Data below:
====

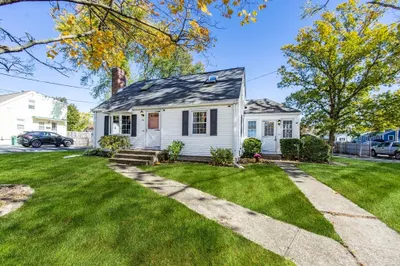 46 Westside Ave 1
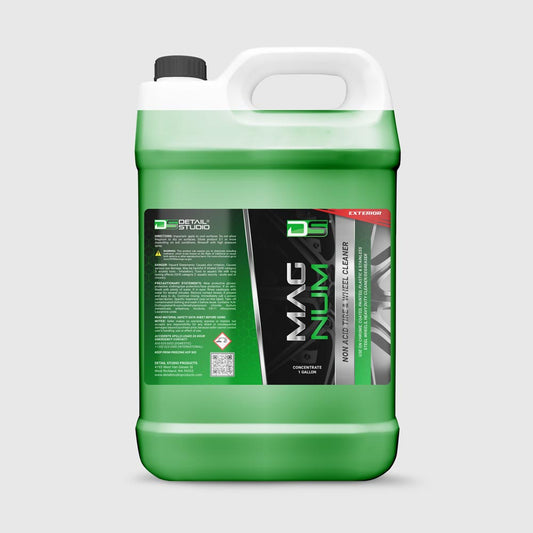 Magnum 1 gallon case (4)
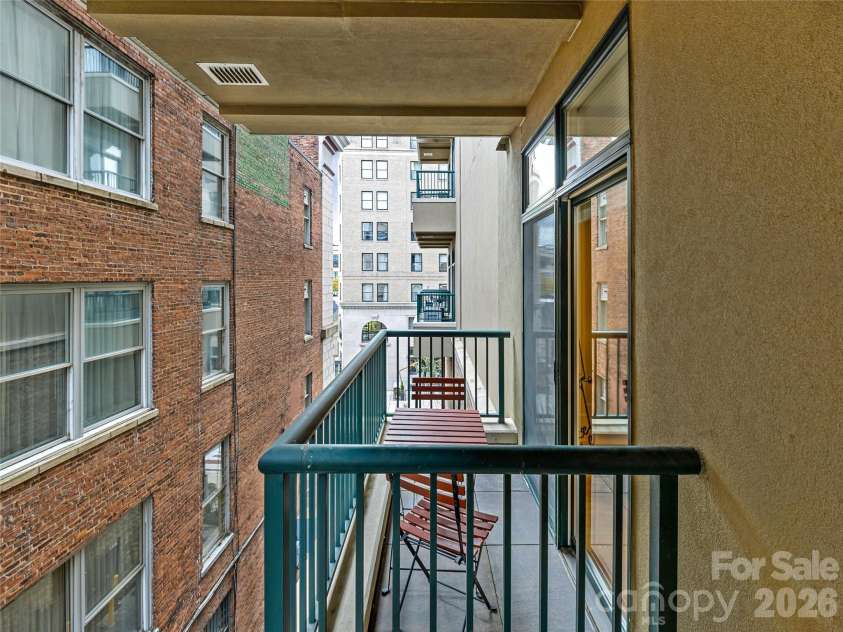 21 Battery Park Avenue, Asheville, NC 28801.  MLS# CAR4316380, YatesRealty ID 4126.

====

Instructions for the task:
Set down again, exactly, the lines from the one with "Magnum 1 gallon case (4)" to the last line of the data, both included and pictures excluded.

Task answer:
 Magnum 1 gallon case (4)
 21 Battery Park Avenue, Asheville, NC 28801.  MLS# CAR4316380, YatesRealty ID 4126.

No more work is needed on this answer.